***** AVAILABLE DATA

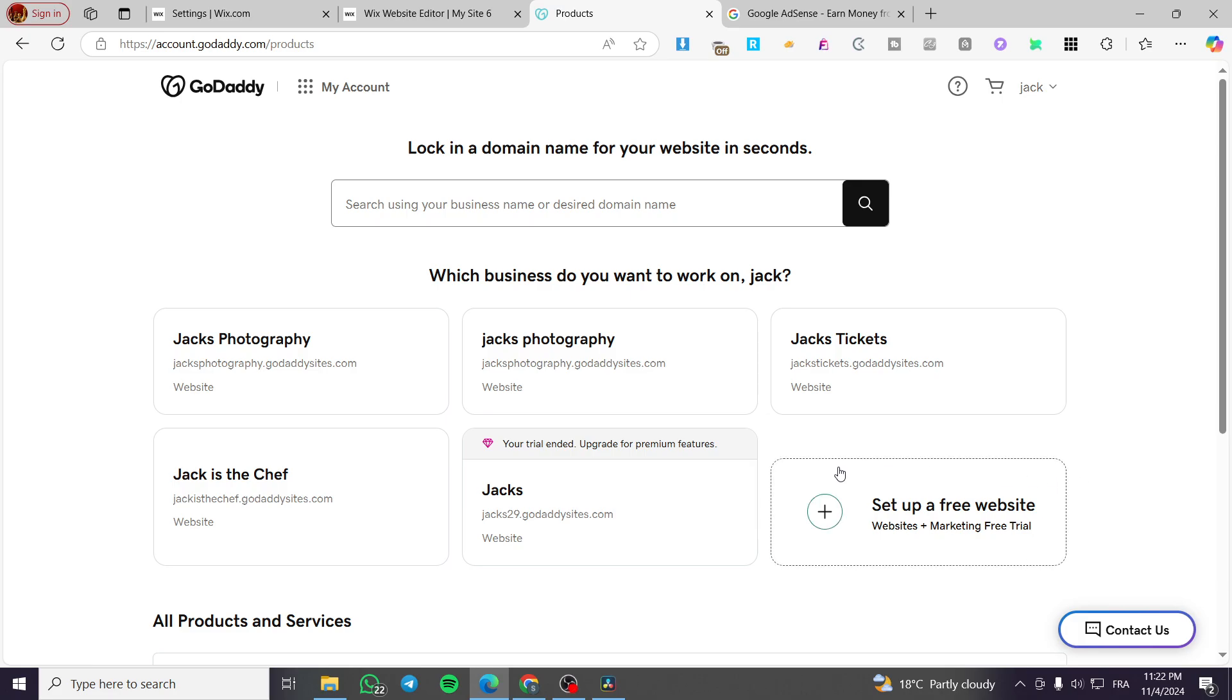How to add Google AdSense to GoDaddy website builder. Hello guys, and welcome to this new tutorial.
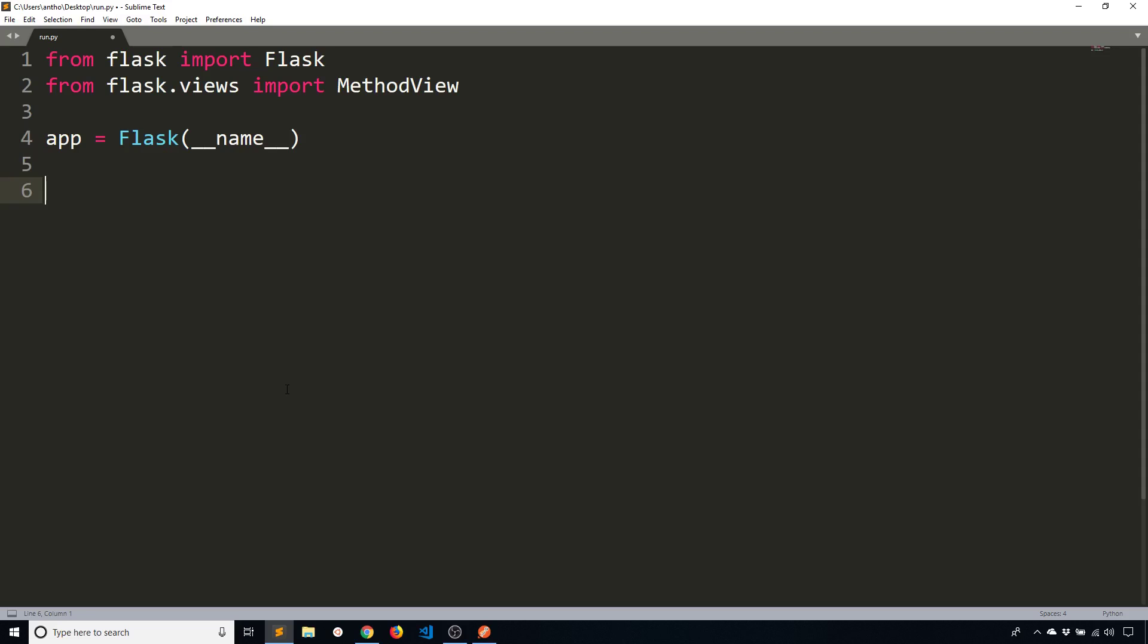And instead of using app.route like I usually do, I'm going to create a class. So I'm going to call this class let's say an Animal class.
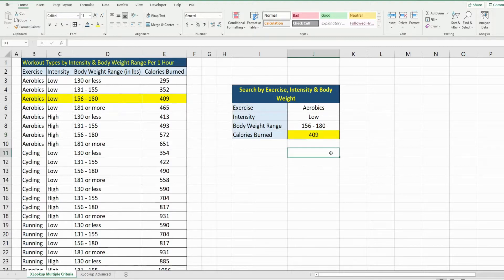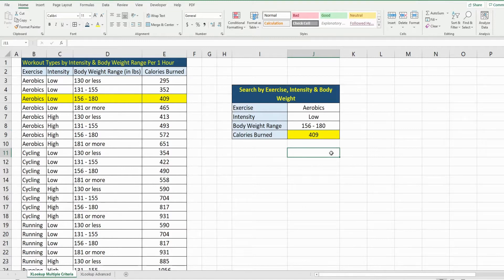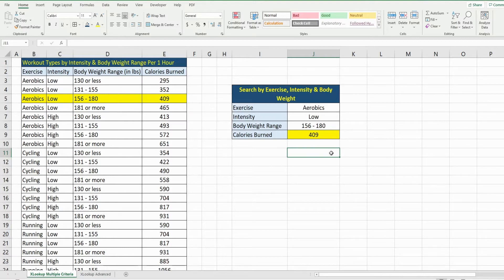you can use the XLOOKUP function in Microsoft Excel when you have multiple search values across multiple search arrays. If you like what you see, please hit that subscribe button. Thanks for watching.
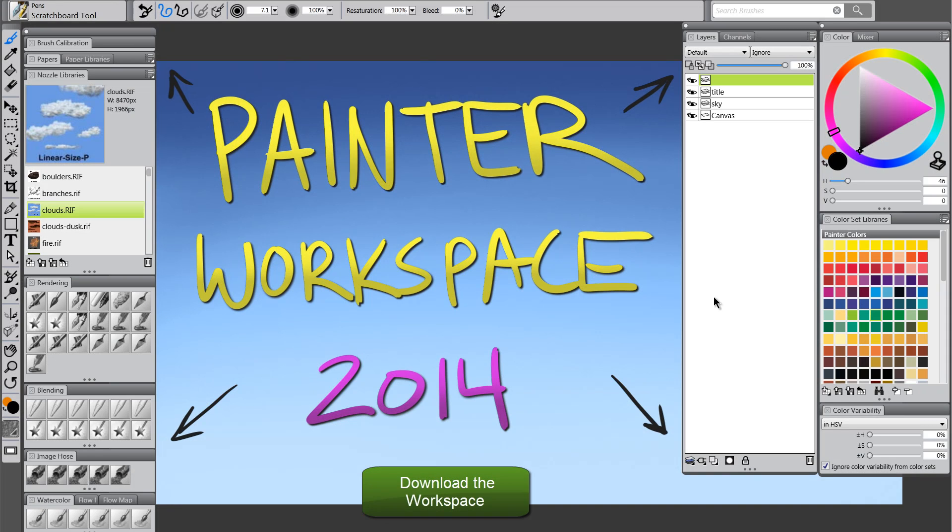Hi there, I'm digital artist Aaron Rutten, and in this video we'll take a look at my new updated workspace for 2014.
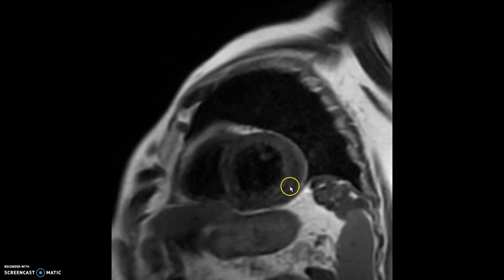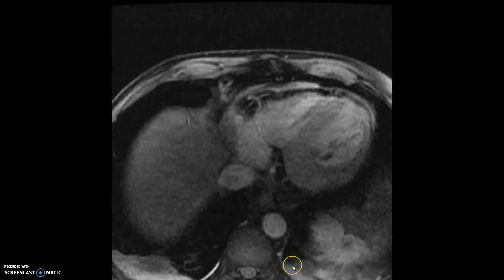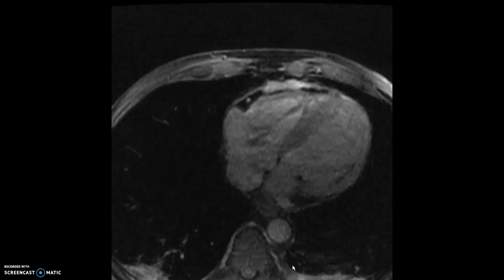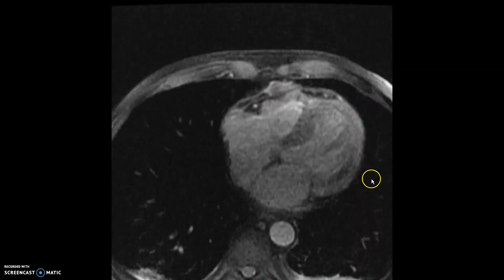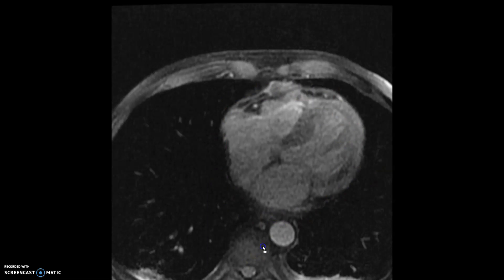After that, we got T2 maps. The T2 maps also showed very elevated numbers, somewhere above 80, which are definitive for myocardial edema. Looking at this LAVA imaging, which is a T1 fat-sat imaging, you can see the whole pericardium lighting up here, indicating acute pericarditis going on as well.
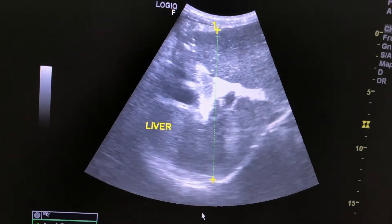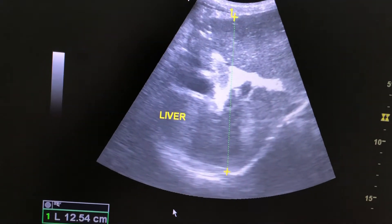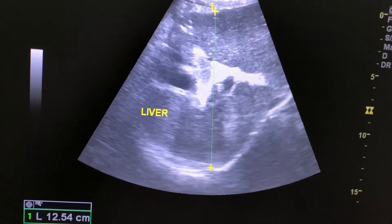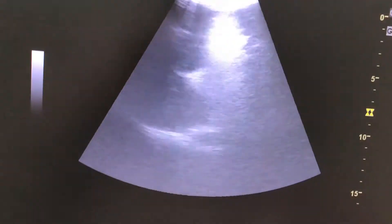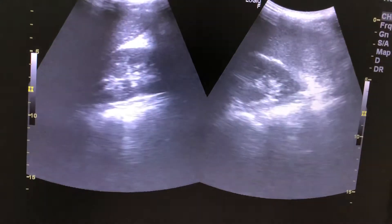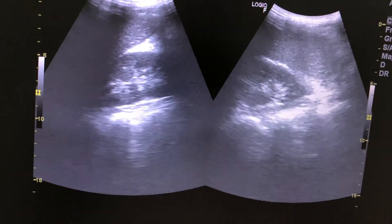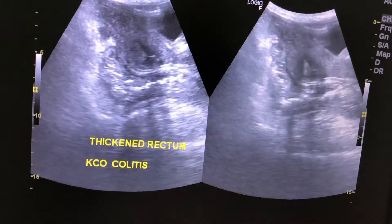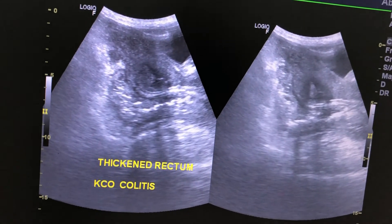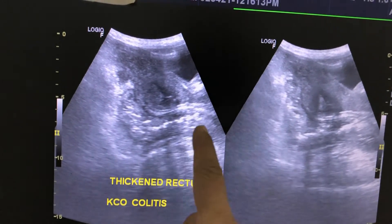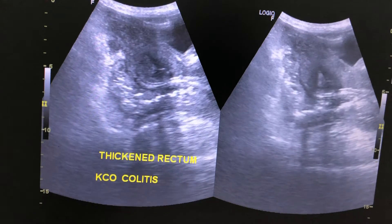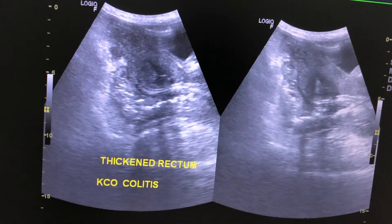The liver is normal at 12.5 cm. This is the kidney. The rectum is thickened, in keeping with the known case of colitis.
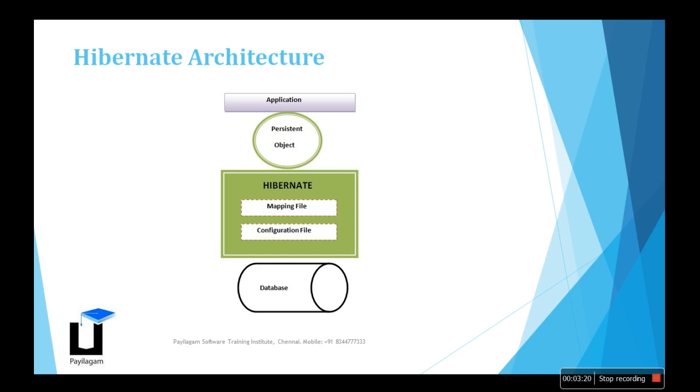The XML format will be read by the Hibernate JAR and according to that, the query will be formed. It has a vast collection of database queries, so it will convert the query into suitable database connections. If you change the database, it's not a problem - Hibernate applications can easily connect with any database.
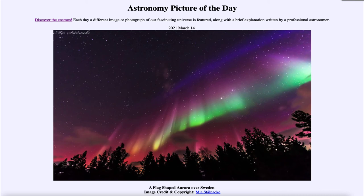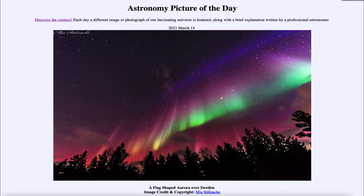We've now gone past solar minimum and solar activity is increasing, so we will get some more storms like this over the coming years. Auroral activity will increase — we've been at solar minimum around the last couple of years, and that minimizes the number of particles being ejected by the sun. It minimizes the number of solar flares and coronal mass ejections that throw material out into space, so we don't see as many aurora.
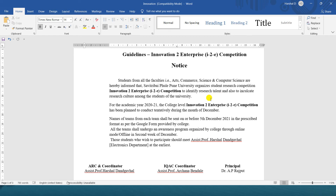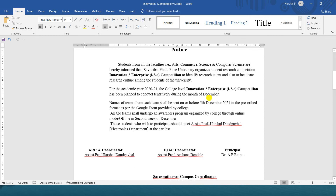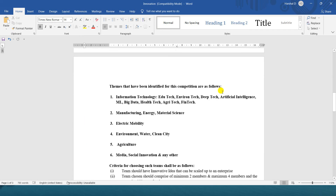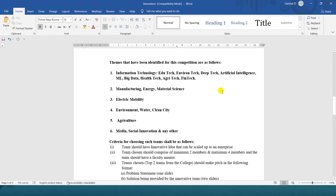The competition is organized in December and is called the Innovation to Enterprise competition. The first category covers Information Technology related to Education Tech, Environment Science related to Environment Tech, Deep Technology, Artificial Intelligence, Machine Learning, Big Data, Health Technology, Agriculture Technology, and Finance Technology.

**********

**WHAT THE TASK REQUIRES**
Could you transcribe every entry exactly, leaving out the pictures?

**RESULT BELOW**
How to add Google AdSense to GoDaddy website builder. Hello guys, and welcome to this new tutorial.
And instead of using app.route like I usually do, I'm going to create a class. So I'm going to call this class let's say an Animal class.
you can use the XLOOKUP function in Microsoft Excel when you have multiple search values across multiple search arrays. If you like what you see, please hit that subscribe button. Thanks for watching.
Hi there, I'm digital artist Aaron Rutten, and in this video we'll take a look at my new updated workspace for 2014.
After that, we got T2 maps. The T2 maps also showed very elevated numbers, somewhere above 80, which are definitive for myocardial edema. Looking at this LAVA imaging, which is a T1 fat-sat imaging, you can see the whole pericardium lighting up here, indicating acute pericarditis going on as well.
The liver is normal at 12.5 cm. This is the kidney. The rectum is thickened, in keeping with the known case of colitis.
The XML format will be read by the Hibernate JAR and according to that, the query will be formed. It has a vast collection of database queries, so it will convert the query into suitable database connections. If you change the database, it's not a problem - Hibernate applications can easily connect with any database.
We've now gone past solar minimum and solar activity is increasing, so we will get some more storms like this over the coming years. Auroral activity will increase — we've been at solar minimum around the last couple of years, and that minimizes the number of particles being ejected by the sun. It minimizes the number of solar flares and coronal mass ejections that throw material out into space, so we don't see as many aurora.
The competition is organized in December and is called the Innovation to Enterprise competition. The first category covers Information Technology related to Education Tech, Environment Science related to Environment Tech, Deep Technology, Artificial Intelligence, Machine Learning, Big Data, Health Technology, Agriculture Technology, and Finance Technology.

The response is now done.